# TASK INSTRUCTIONS
Look below for the line with "Grau - Herren". Retype it and every line after it to the end, exactly, but leave out the pictures.

Brief descriptive captions
◇ ◇ ◇ ◇ ◇ ◇ ◇

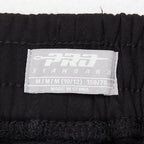 NBA NEW YORK KNICKS CLASSIC BIG BOY'S FLEECE 2.0 SHORT (BLACK/ORANGE)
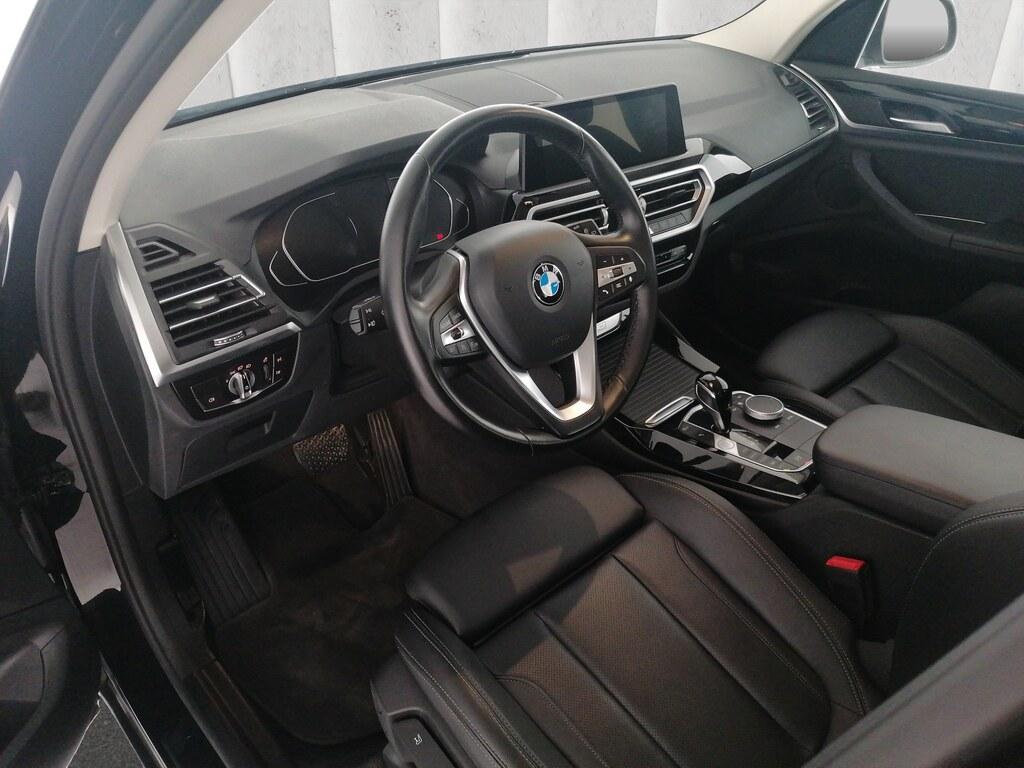 BMW X3 20 d Mild Hybrid 48V xDrive Steptronic
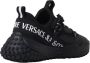 Versace Jeans Couture Stijlvolle Sneakers met Quick-lace Sluiting Black - Thumbnail 4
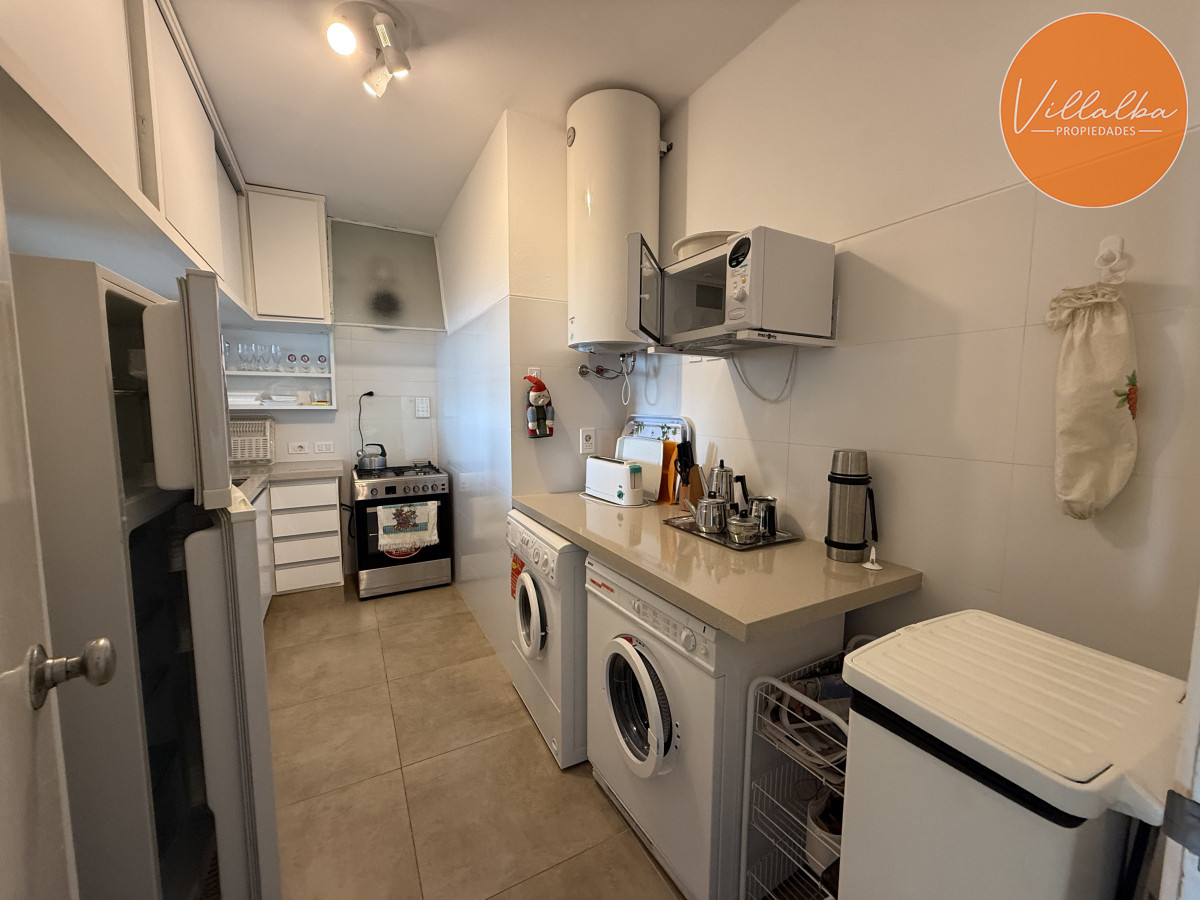 Apartamento ID.3724 - Primera linea vista excelente con hermosa terraza amplia 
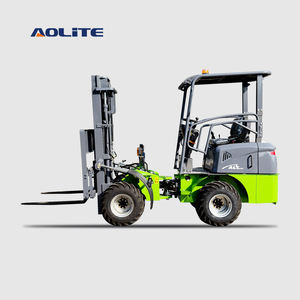 Produsen AOLITE <span class=keywords><strong>CE</strong></span> 1.2ton mesin pengangkat garpu ForkLift listrik semua medan angkat dengan baterai ALT roda <span class=keywords><strong>Mini</strong></span> muatan 1ton 4WD muatan kecil untuk dijual - Product Image 1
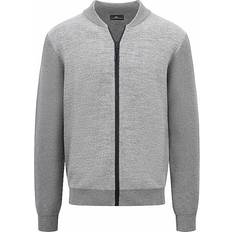 Grau - Herren Cardigans Strickjacke 1409315 - Dunkelgrau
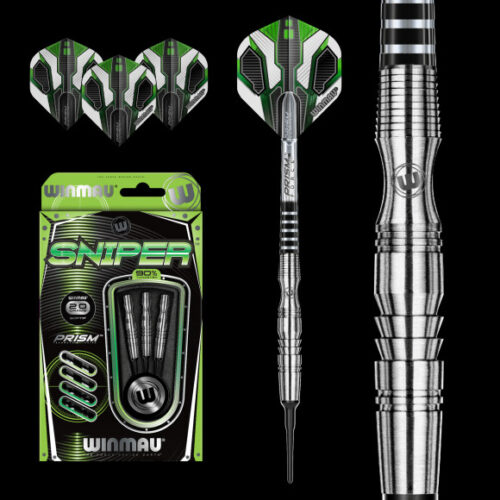 Dart szett Winmau soft Sniper 90% 20g gravírozással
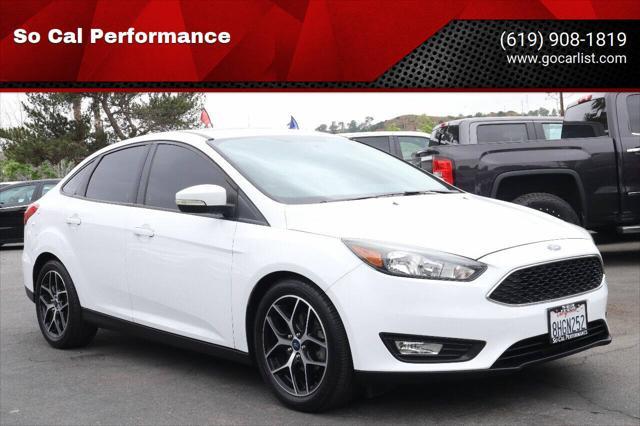 2018 ford focus sel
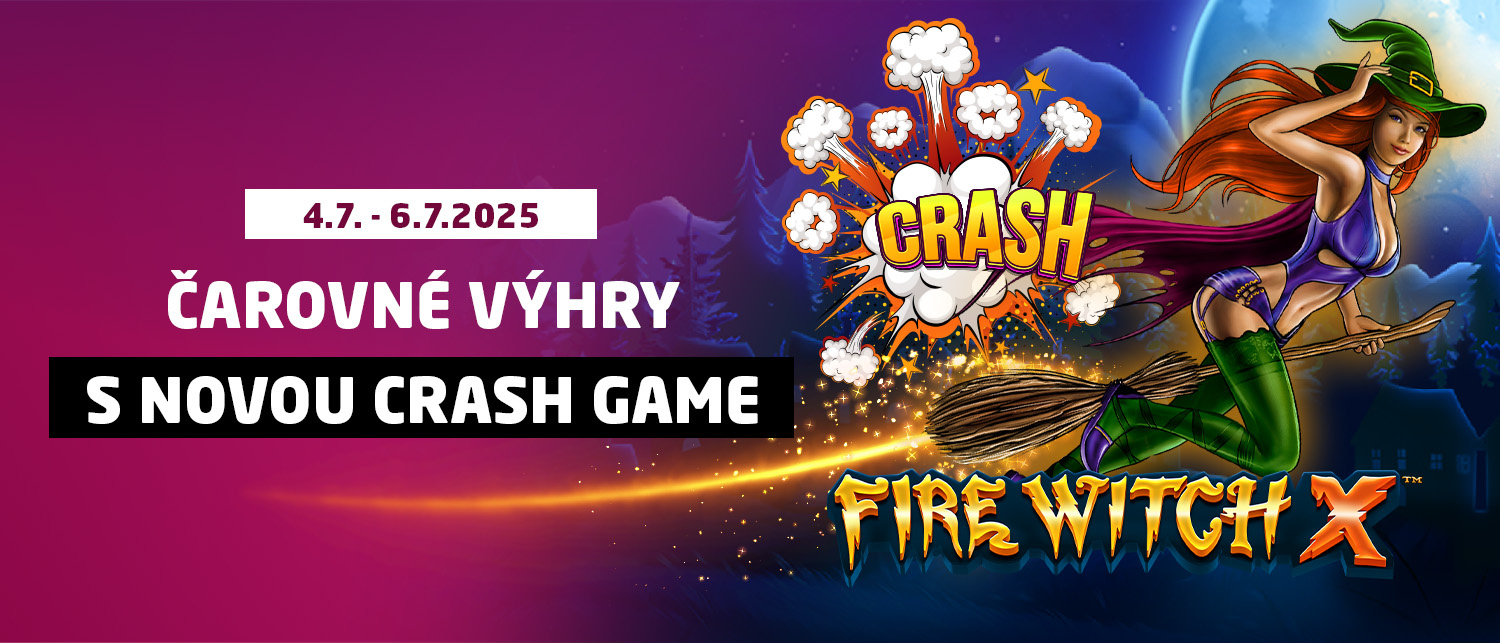 Čarovné výhry s novou Crash Game Fire Witch X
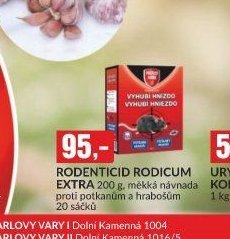 rodenticid rodicum extra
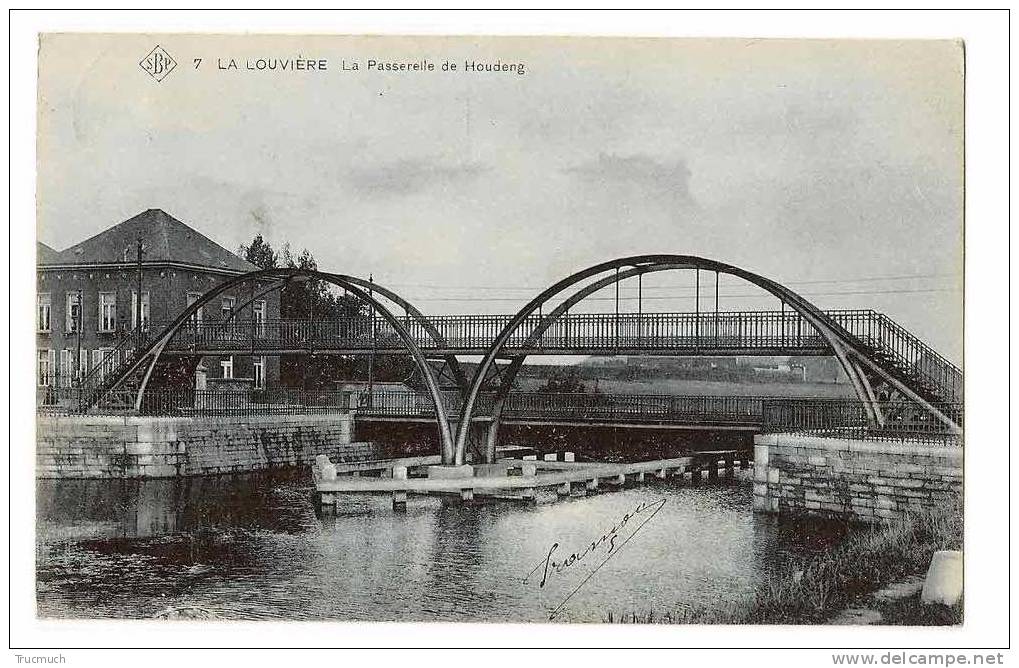 C4697 - La Louvière - La Passerelle De Houdeng " SBP N° 7 - La Louvière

◇ ◇ ◇ ◇ ◇ ◇ ◇

# ANSWER
 Grau - Herren Cardigans Strickjacke 1409315 - Dunkelgrau
 Dart szett Winmau soft Sniper 90% 20g gravírozással
 2018 ford focus sel
 Čarovné výhry s novou Crash Game Fire Witch X
 rodenticid rodicum extra
 C4697 - La Louvière - La Passerelle De Houdeng " SBP N° 7 - La Louvière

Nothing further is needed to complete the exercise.